• **Exercise goal**
Everything from the line containing "0.5mm Pitch Fpc" through the line containing "Patio extension with" should be repeated exactly, and nothing else from the data.

• **Data records**
^^^^

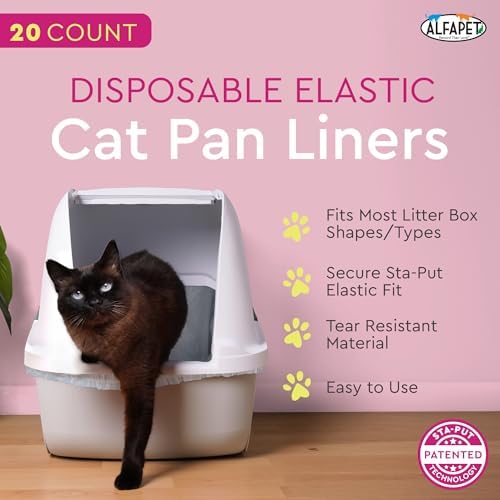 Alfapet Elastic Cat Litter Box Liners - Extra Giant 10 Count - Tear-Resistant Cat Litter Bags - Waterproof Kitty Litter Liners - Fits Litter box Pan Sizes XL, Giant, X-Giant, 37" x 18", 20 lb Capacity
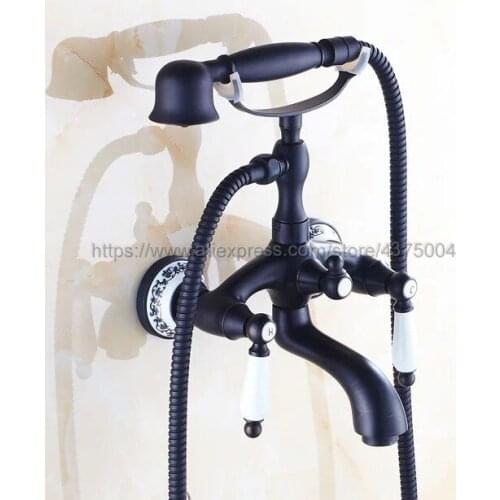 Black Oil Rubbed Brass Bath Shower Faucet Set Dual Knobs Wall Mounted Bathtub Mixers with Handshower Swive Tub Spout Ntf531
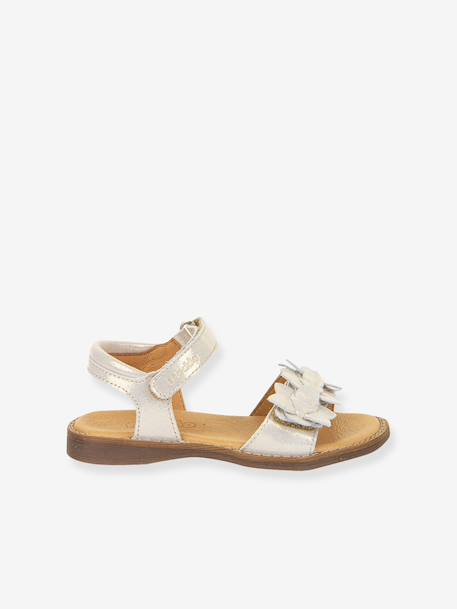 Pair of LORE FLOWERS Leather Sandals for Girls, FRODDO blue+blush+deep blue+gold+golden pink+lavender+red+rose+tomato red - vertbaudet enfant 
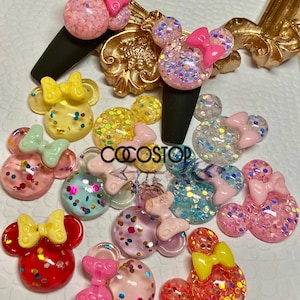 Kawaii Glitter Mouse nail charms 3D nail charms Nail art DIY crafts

^^^^

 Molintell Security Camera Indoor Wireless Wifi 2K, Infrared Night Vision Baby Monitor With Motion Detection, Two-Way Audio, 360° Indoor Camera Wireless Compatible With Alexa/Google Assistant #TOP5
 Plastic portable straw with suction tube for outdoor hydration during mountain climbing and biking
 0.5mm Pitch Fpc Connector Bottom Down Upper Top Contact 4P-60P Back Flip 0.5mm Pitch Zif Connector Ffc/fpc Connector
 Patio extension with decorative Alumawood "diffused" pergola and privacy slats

^^^^

• **Answer to the problem**
 0.5mm Pitch Fpc Connector Bottom Down Upper Top Contact 4P-60P Back Flip 0.5mm Pitch Zif Connector Ffc/fpc Connector
 Patio extension with decorative Alumawood "diffused" pergola and privacy slats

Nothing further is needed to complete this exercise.